For most of the play, Maggie
and Rosemary are given to raising their shrill voices to renew the mainly strident
bickering that has defined them as discontents over a lifetime. They only have
in common what one did and one didn’t do for their foot-loose/alcoholic sister
who died from cancer. Ed and Doyle are seen mostly at loggerheads baiting each
other with their opposing ideologies. Ed is revealed as a corrupt accountant
for a company that makes its money by fracking. He makes no bones about how he
feels about nature-loving Doyle’s conservationist posturing.
Far from battening down
the hatches until it is too late, there is virtually no serious consideration given
to dealing with the impending hurricane-- except opening bottles of wine and ignoring
the posted evacuation that has incredulously gone unnoticed on the front door.
Once these four finally
pay heed to the alerts, they discover that the hurricane is named Colleen. ooooh.
Of course, we are meant to surmise a mystical cause for this as it presumably serves
to re-unite the sparring sisters.
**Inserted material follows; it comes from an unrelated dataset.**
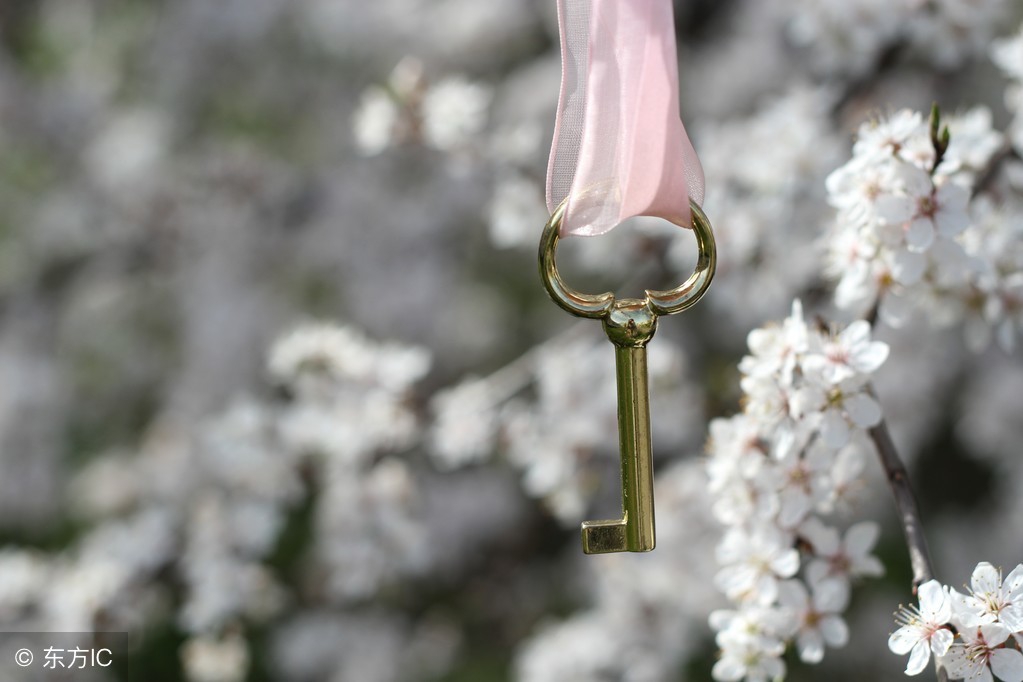 手相真的能决定一个人吗,手相真的可以窥探一个人的一生吗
This becomes more apparent with a flurry of attacks
on the house by a blue heron and the appearance of other sea creatures. More
realistically, one might ponder upon the sheer reckless parenting of Rosemary and
Ed who have no qualms about having left their two teenage children to fend for
themselves without supervision or a day at Universal with a hurricane brewing.
This, while they fulfill what they perceive as their obligation to Rosemary who
has been Colleen’s care-giver in final last days.
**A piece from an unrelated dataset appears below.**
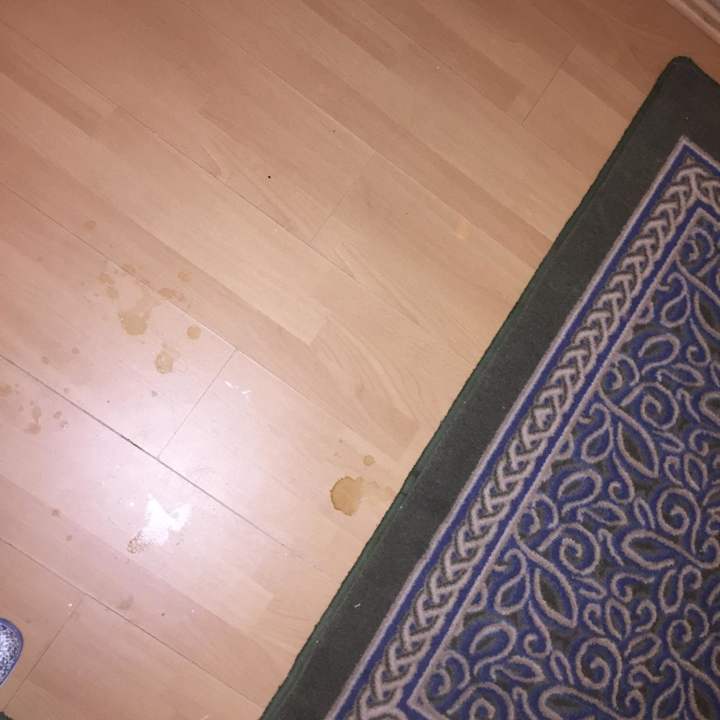 Flur Oscar Resort Hotel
Maggie is fueled by a repressed
guilt that is bound to surface before the play ends; Maggie is filled with a
festering rage that is directed mostly at Ed and resigned to ignore his sexual philandering.
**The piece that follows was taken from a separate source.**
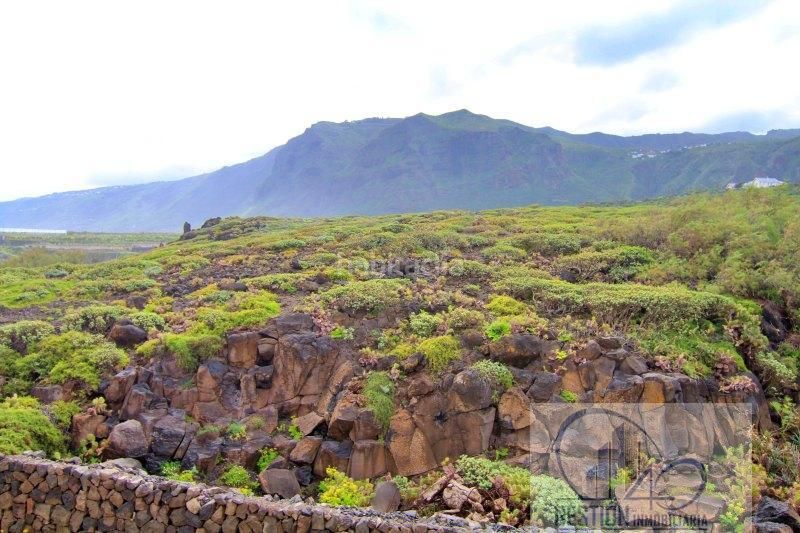 Foto 7119a09d-b5f9-4301-9629-ac028dd2d7db. Piso los silospiso en Silos (Los)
Doyle, who, in his garb and tooth-challenged smile, could be mistaken for a shipwrecked
pirate, seems perfectly at home preparing for the worst and explaining to all the
unexplainable.
Although these
characters are over-loaded with back-stories, neurotic personalities and socio-political
agendas, they neither, through dialogue nor deeds, inspire our empathy. Neither
do they conspire to create a credible dramatic conflict to warrant our concern.
Despite the very effective set designed
by Bethanie Warnpol Watson, “The Wake” realistically only puts to rest a play about
four hapless people of interest only to that one ill-fated blue heron. It is
definitely worth experiencing by anyone interested in the development of
dramatic literature. It could wash up again on regional stages but only after a
lot more work by this definitely up and coming playwright and a tough dramaturg.